» **TASK INSTRUCTIONS**: Under this line are the records; repeat exactly the lines starting at the one containing "Ak La Poiteviniere" and ending at the one containing "Cappotto ISSEY MIYAKE", omitting pictures.

» **RECORDS FOR THIS EXERCISE**:
====================

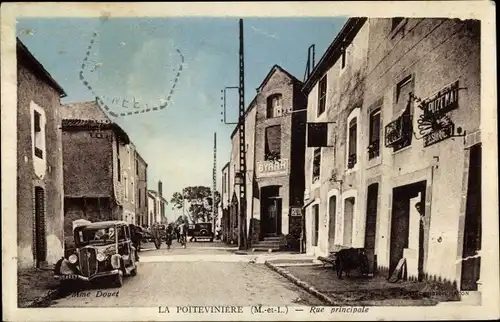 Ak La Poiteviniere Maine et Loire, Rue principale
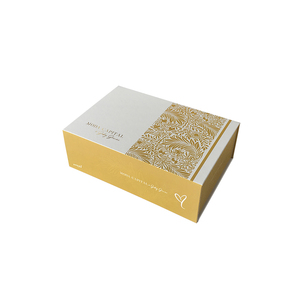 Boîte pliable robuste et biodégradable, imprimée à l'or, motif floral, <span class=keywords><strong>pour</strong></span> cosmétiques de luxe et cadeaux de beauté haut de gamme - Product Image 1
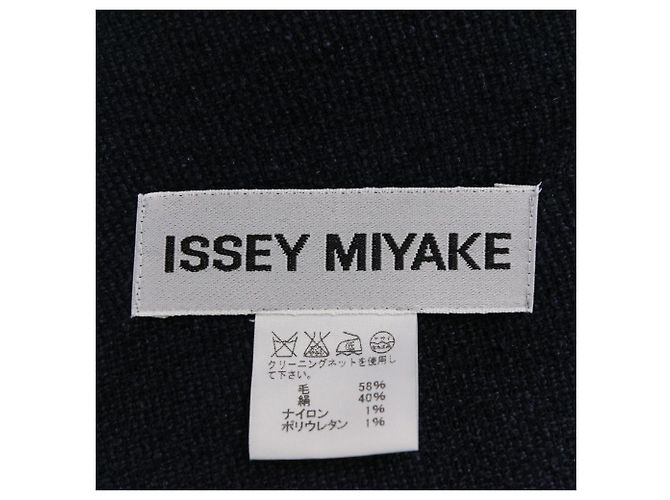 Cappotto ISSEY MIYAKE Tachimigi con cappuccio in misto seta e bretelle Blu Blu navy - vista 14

====================

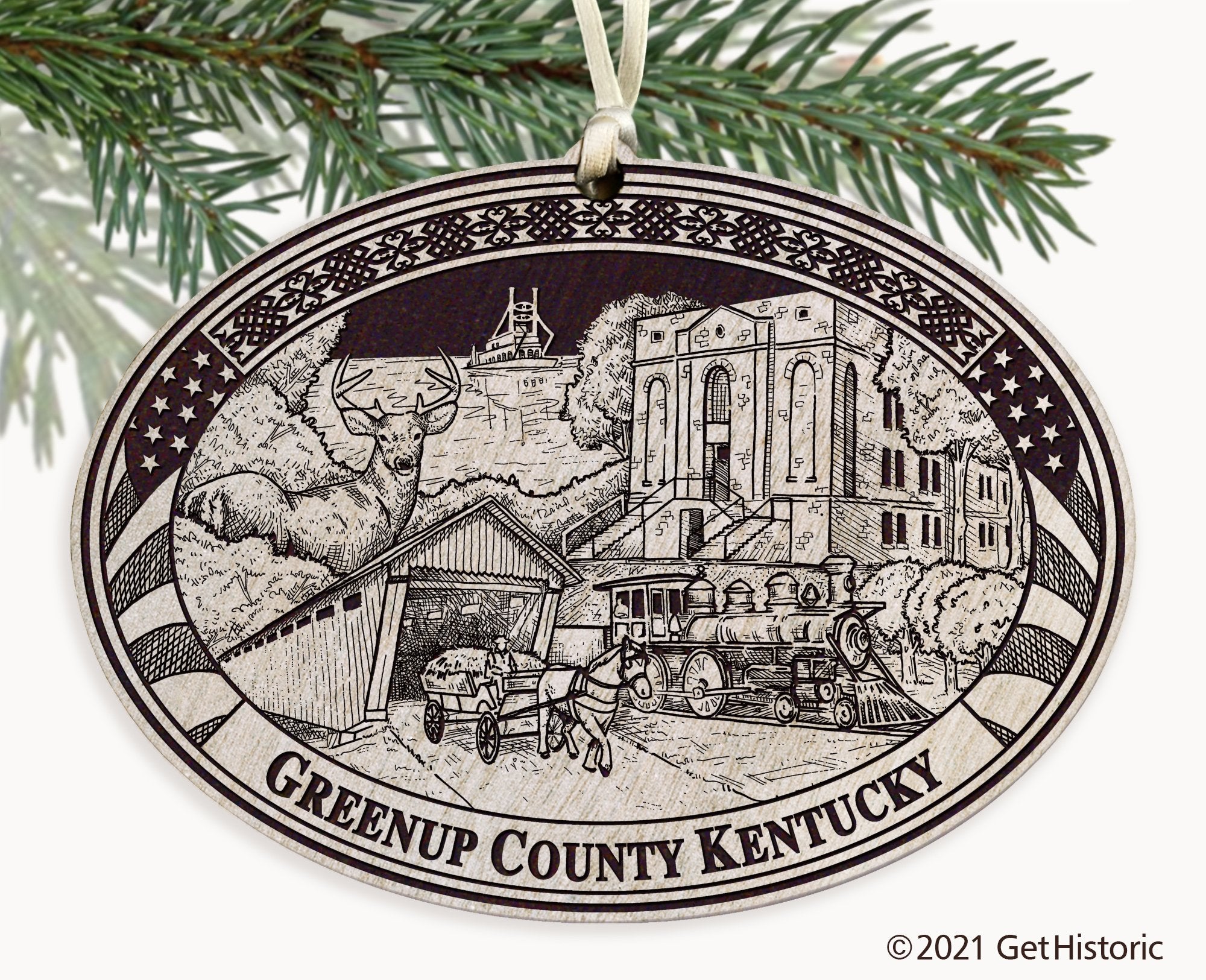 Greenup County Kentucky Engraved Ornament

====================

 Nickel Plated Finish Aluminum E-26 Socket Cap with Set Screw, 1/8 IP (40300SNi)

====================

» **OUTPUT FOR THIS EXERCISE**:
 Ak La Poiteviniere Maine et Loire, Rue principale
 Boîte pliable robuste et biodégradable, imprimée à l'or, motif floral, <span class=keywords><strong>pour</strong></span> cosmétiques de luxe et cadeaux de beauté haut de gamme - Product Image 1
 Cappotto ISSEY MIYAKE Tachimigi con cappuccio in misto seta e bretelle Blu Blu navy - vista 14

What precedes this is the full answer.